### Required work:
Write each entry out again exactly as it was given.
*** Opening of Data extract ***
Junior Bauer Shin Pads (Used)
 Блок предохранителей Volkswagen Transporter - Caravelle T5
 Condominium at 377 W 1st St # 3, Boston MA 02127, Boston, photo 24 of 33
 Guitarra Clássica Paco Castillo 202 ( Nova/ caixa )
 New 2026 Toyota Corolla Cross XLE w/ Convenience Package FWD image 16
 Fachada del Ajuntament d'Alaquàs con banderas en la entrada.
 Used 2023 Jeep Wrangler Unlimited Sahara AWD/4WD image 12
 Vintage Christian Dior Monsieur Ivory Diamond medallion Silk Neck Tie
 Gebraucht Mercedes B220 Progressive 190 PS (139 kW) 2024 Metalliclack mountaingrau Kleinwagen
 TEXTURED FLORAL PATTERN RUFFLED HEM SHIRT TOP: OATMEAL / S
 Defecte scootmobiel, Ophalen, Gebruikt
*** Close of Data extract ***
### Problem solution:
Junior Bauer Shin Pads (Used)
 Блок предохранителей Volkswagen Transporter - Caravelle T5
 Condominium at 377 W 1st St # 3, Boston MA 02127, Boston, photo 24 of 33
 Guitarra Clássica Paco Castillo 202 ( Nova/ caixa )
 New 2026 Toyota Corolla Cross XLE w/ Convenience Package FWD image 16
 Fachada del Ajuntament d'Alaquàs con banderas en la entrada.
 Used 2023 Jeep Wrangler Unlimited Sahara AWD/4WD image 12
 Vintage Christian Dior Monsieur Ivory Diamond medallion Silk Neck Tie
 Gebraucht Mercedes B220 Progressive 190 PS (139 kW) 2024 Metalliclack mountaingrau Kleinwagen
 TEXTURED FLORAL PATTERN RUFFLED HEM SHIRT TOP: OATMEAL / S
 Defecte scootmobiel, Ophalen, Gebruikt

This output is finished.